For nearly 6 in 10 advisors, retirement income relationships represent more than half of all assets managed, according to the survey. Over half of advisors (53%) indicate retirement income investors are more than half of all clients they currently support. And the study finds most advisors expect their focus on retirement income relationships to grow modestly over the next 12 to 24 months, as will the number of retirement income clients served and total assets managed.

2. What investment philosophy do advisors use most frequently to generate retirement income?

Advisors are divided as to the overall philosophy they use to generate income for retirement clients, according to the survey.

More than 2 in 5 advisors (45%) use a total return methodology for generating cash flow for retirement clients.

“These advisors are not focused on income as an outcome for managing portfolios, but instead work to generate an optimal total return consistent with the client’s risk parameters,” the study states. “They then draw down the portfolio as needed and appropriate to satisfy client income needs.”

Meanwhile, nearly one in three advisors rely on a “pooled” or “bucket” approach, which the study describes as “deconstructing” portfolio management into different duration or objective-based pools of assets.

According to the study, roughly 25% of advisors use an income floor methodology, combining guaranteed or income producing solutions to meet current cash flow needs with a diversified total return approach to generate long-term gains, maintaining purchasing power and sustaining the portfolio over time.

3. Which types of investment platforms do advisors use for managing assets for retirement income clients?

There is heavy use of advisory or fee-based platforms in managing assets for retirement income clients, according to the study, and only limited use of more traditional commission or brokerage platforms.

The study shows 72% of the advisors indicated they rely heavily on advisory or fee-based platforms in managing portfolios for retirement income clients. This compares to only 22% that rely heavily on traditional brokerage platforms.

4. What products and solutions do advisors use in managing portfolios for retirement income clients?

The study finds significant differences by channel in the extent various vehicles are used in managing portfolios for retirement income clients.

RIAs are least likely to rely on annuity solutions, especially variable annuity products. The study also finds that RIAs are far more likely than other advisors to make widespread use of ETFs and passively managed solutions.

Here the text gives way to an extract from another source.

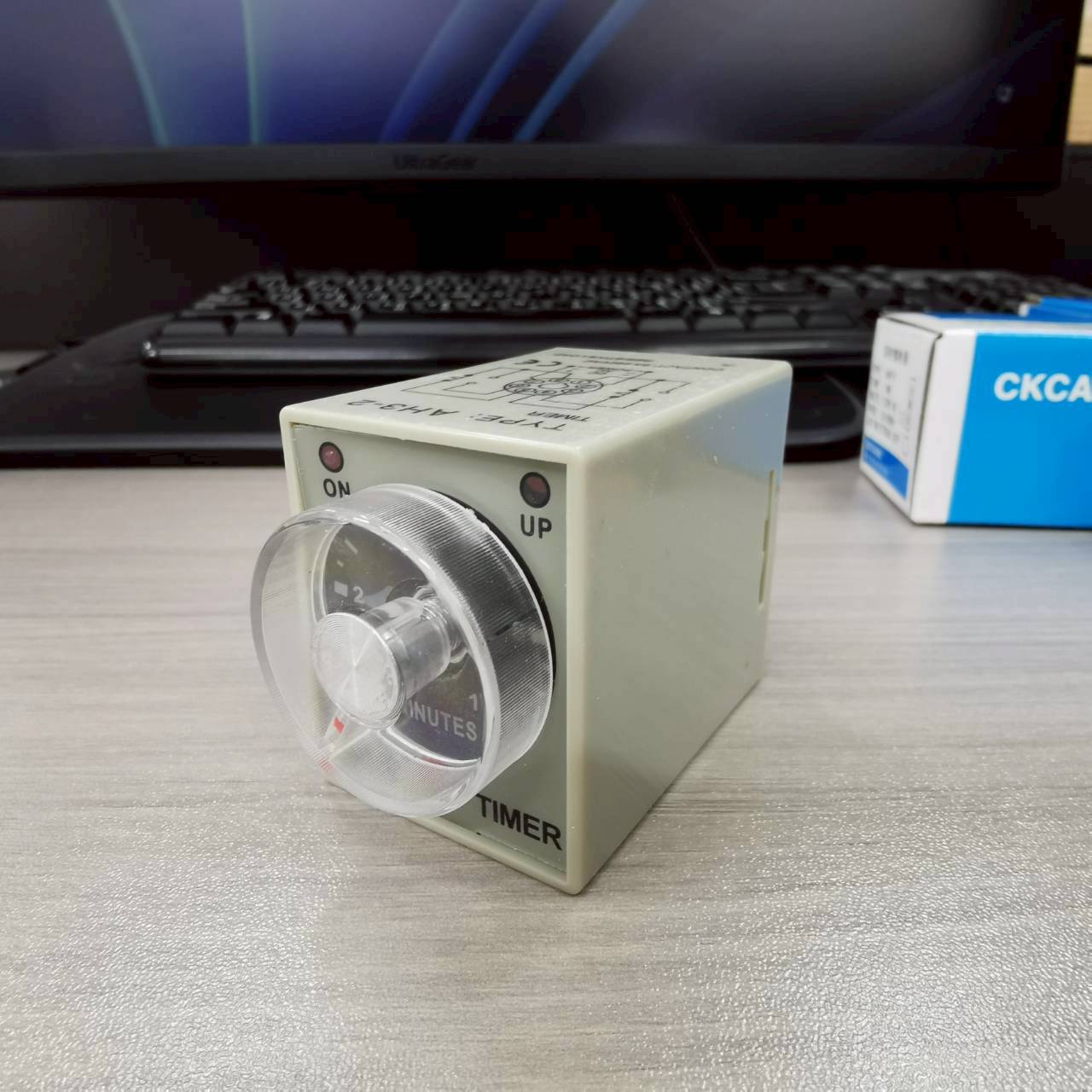 CKC Timer AH3-2 220V ไทม์เมอร์ ฟรีซ็อกเก็ต PF083A ช่วงเวลา 10 นาที Delay-ON CONTACT NO/NC 2 ชุด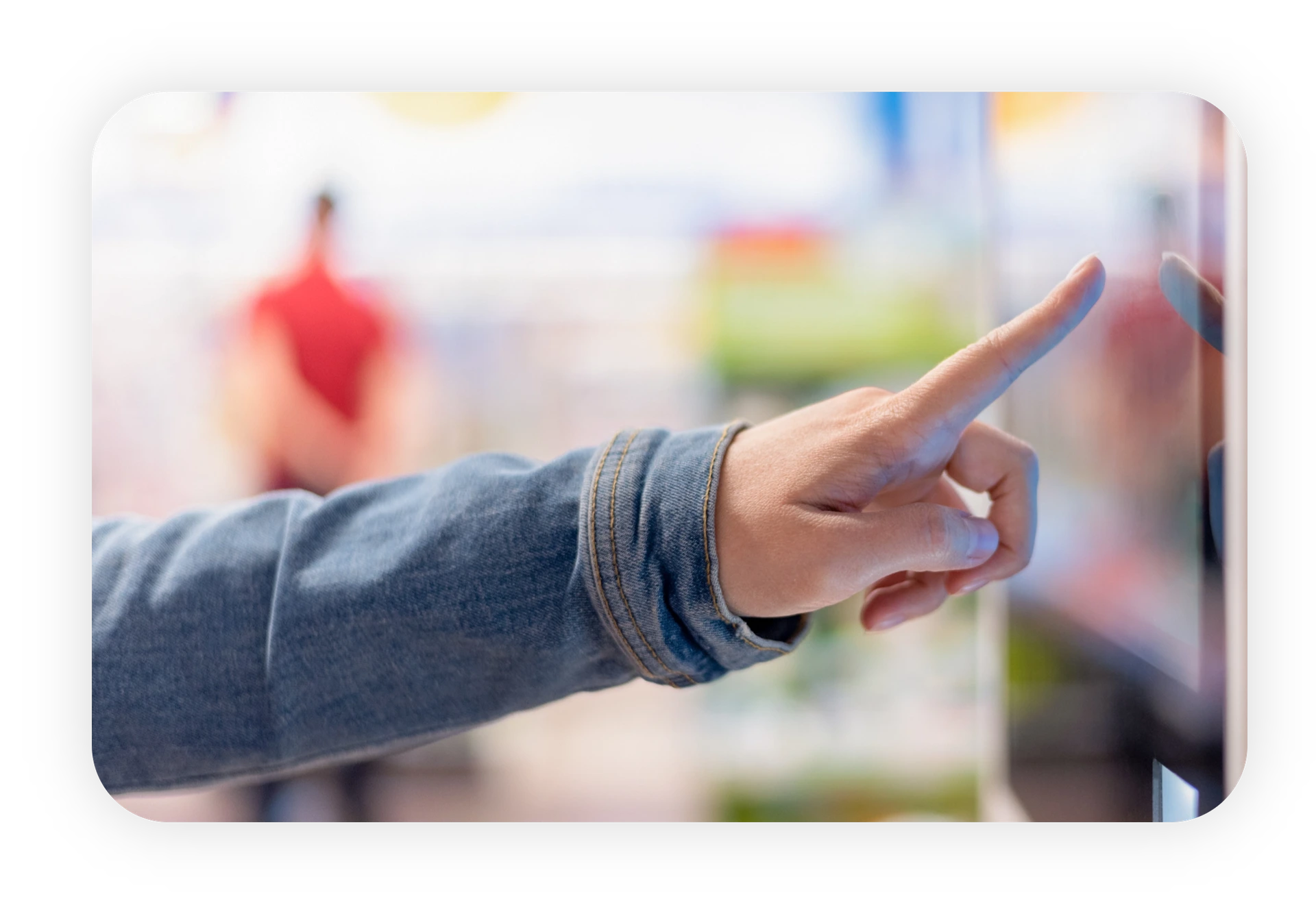 Main utilisant un écran tactile interactif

Meanwhile, full service channel advisors are the most pronounced users of individual securities, while independent channel advisors have widespread use of annuities, especially those with living benefit riders.

5. How is the Department of Labor’s fiduciary rule likely to impact various aspects of retirement income support?

As part of the study, advisors were asked how the recent DOL ruling on retirement advice may impact support for retirement income clients.

The most notable impact appears to be on increased use of fee-based platforms and solutions, with 43% of advisors in strong agreement and 27% somewhat agreeing. Some advisors also anticipate relying more heavily on lower cost solutions (21% strongly agree, 34% somewhat agree) and to consider fee-based annuities (10% strongly agree, 25% somewhat agree).

However, most advisors do not believe the DOL ruling will cause a change in the investment philosophy or approach they employ for retirement income or in the solutions they recommend.